Hello,
If I have a command line tool like this:
java -Xmx55g -Xms55g -jar /a/apps/picard/picard-tools-2.4.1/picard.jar ExtractIlluminaBarcodes \
INPUT_BASECALLS_DIR=/150313_D00282_0057_BC6FF5ANXX/Data/Intensities/BaseCalls \
INPUT_BARCODE_FILE=/barcodes/barcode1.txt \
OUTPUT_METRICS_FILE=/barcodes/barcode1.metrics
In CWL, should I code the above INPUTs and OUTPUT as type 'Directory' and 'File'? Or should I code those as type 'string'? What would be the difference in behavior of CWL during execution? What are the pros and cons?

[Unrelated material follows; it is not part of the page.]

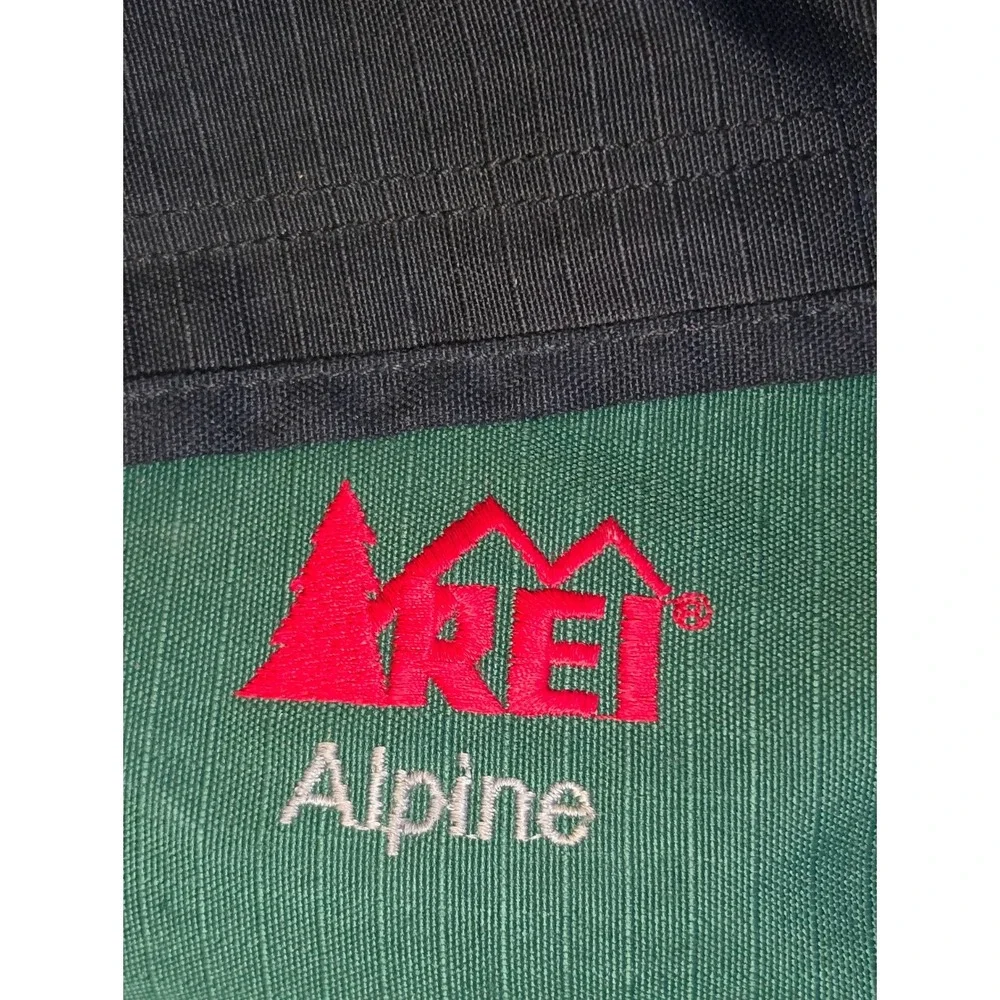 REI Alpine Backpack Green Black Hiking Daypack Technical Rucksack Vintage Style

I seem to be having better luck with getting it to run in CWL as type 'string' below. And even though 'OUTPUT_METRICS_FILE=' designates the name of the File to be output, I put it in the 'inputs' section as just another parameter 'string', and that seems to work okay. Please help us to think clearer about this. Thanks!!
cwlVersion: v1.0
class: CommandLineTool
baseCommand: java
inputs:
- id: basecalls_dir
type: string
inputBinding:
position: 5
separate: false
prefix: "INPUT_BASECALLS_DIR="
- id: barcode_file
#type: File
type: string
inputBinding:
position: 8
separate: false
prefix: "INPUT_BARCODE_FILE="
- id: metrics_file
type: string
inputBinding:
position: 10
separate: false
prefix: "OUTPUT_METRICS_FILE="
There are tool descriptions for some of the picard tools in the CWL repository:
https://github.com/common-workflow-language/workflows/tree/master/tools
Nothing with directory inputs though.
I agree with StarvingMarvin's answer in general; Files and Directories for flexibility. Still, my experience with CWL directories is mixed. As I understand it when a Directory is initialized, the first thing that happens is that the implementation parses it and all subfolders to list all fiiles. The basecall dir can be rather large, depending on your instrument. I'm not sure when CWL decides it necessary to copy a Directory or File, but you might not have that happen to the basecall directory with the same motivation as before.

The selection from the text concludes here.